At first blush, it might seem unfair to blame the United States for the stoutness south of its border. Surely, Mexicans (like Americans) are getting fatter because they are eating more, exercising less and spending too much time watching television. When one digs beneath the surface, however, it quickly becomes apparent that a complex web of American agricultural, trade, marketing and scientific practices together is helping drive a “globesity” epidemic. Many of these policies were designed to give U.S. firms a leg up in international markets, but the domestic economic benefits of this culinary oligarchy are increasingly being outweighed — literally and figuratively — by the toll on international health, particularly among the poor. The American taxpayer is directly underwriting a food-production system in which nutrition has become a distant afterthought.
Perhaps America is ultimately guilty of nothing worse than trying to remake the world in its own hefty image — a case of soft-power influence gone horribly literal. As the global costs of obesity continue to spiral, however, it is time to rethink the changes that the United States has brought to the table.
It is no accident that Mexico’s weight gain has coincided with increased soft-drink guzzling.

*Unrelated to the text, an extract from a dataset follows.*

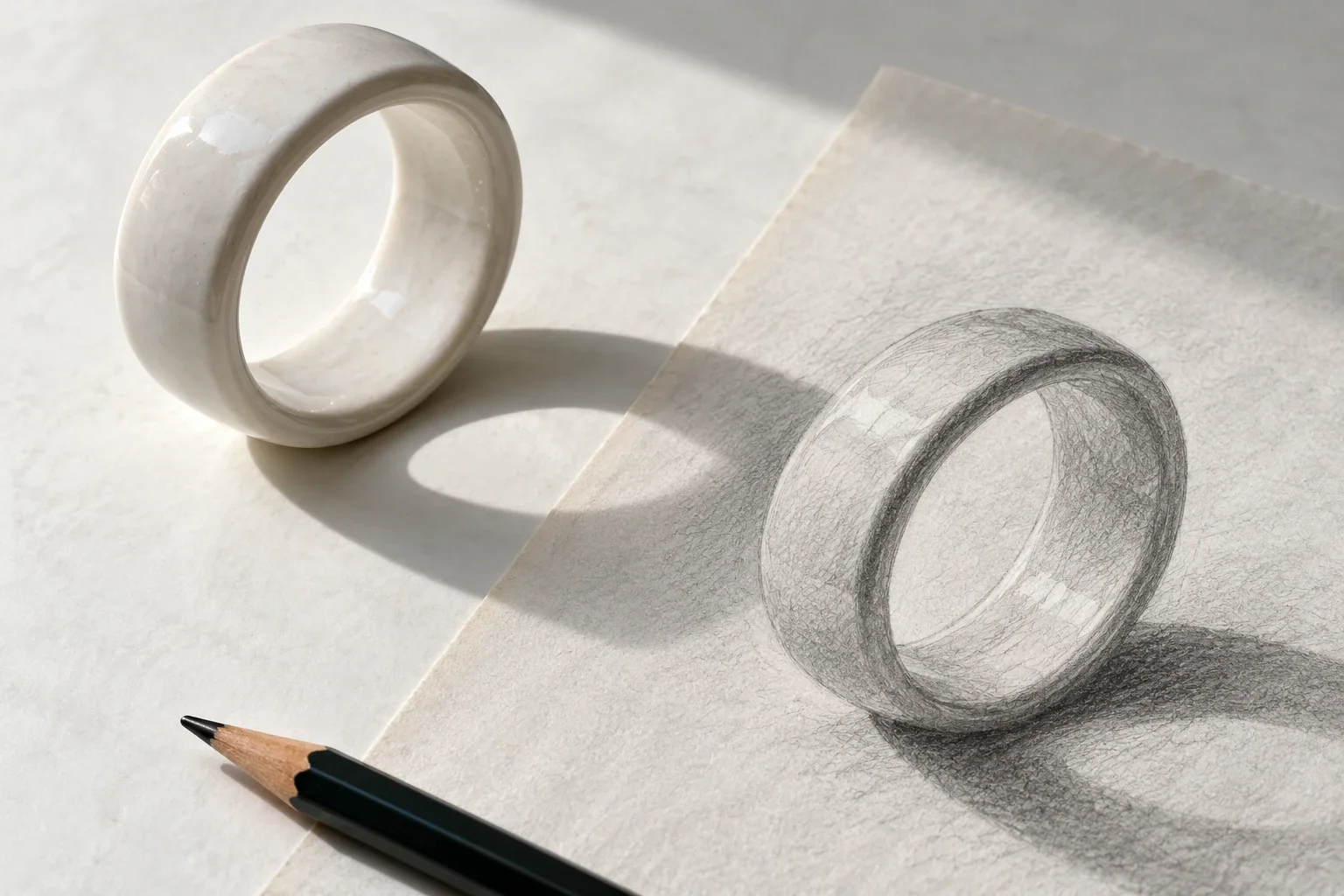 Conceptual ceramic ring and graphite study emphasizing negative space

The country’s national statistics agency estimates that Mexicans drink 43 gallons per capita annually, giving the country the world’s highest rate of soda consumption. The Institute for Agriculture and Trade Policy, a Minnesota-based think tank, has shown that the country’s sharp spike in obesity and soda consumption correlates with the 1994 passage of the North American Free Trade Agreement (NAFTA), which opened Mexico to a flood of cheap junk food and soda pop: After the agreement took effect, there was a more than 1,200-percent increase in high-fructose corn syrup exports from the United States to Mexico between 1996 and 2012, according to the U.S. Agriculture Department. (At one point, the Mexican government began taxing drinks sweetened with high-fructose corn syrup, but the fierce objections of U.S. corn refiners prompted Washington to complain to the World Trade Organization, and the tax was eventually struck down.)
In many ways, Mexico’s diet is being devastated by America’s perverse economic incentives. The United States has long imposed relatively high tariffs on sugar imports and granted large subsidies for domestic crops such as corn and soybeans. In the 1970s, however, when sugar tariffs rose even further and technological advances from Japan helped perfect high-fructose corn syrup production, agribusinesses’ use of the sweetener exploded. Suddenly, it was cheaper to put high-fructose corn syrup in everything from spaghetti sauce to soda. Coke and Pepsi swapped out sugar for high-fructose corn syrup in 1984, and most other U.S. soda and snack companies followed suit. U.S. per capita consumption of high-fructose corn syrup spiked from less than half a pound a year in 1970 to a peak of almost 38 pounds a year in 1999. As it did, American obesity spiked as well.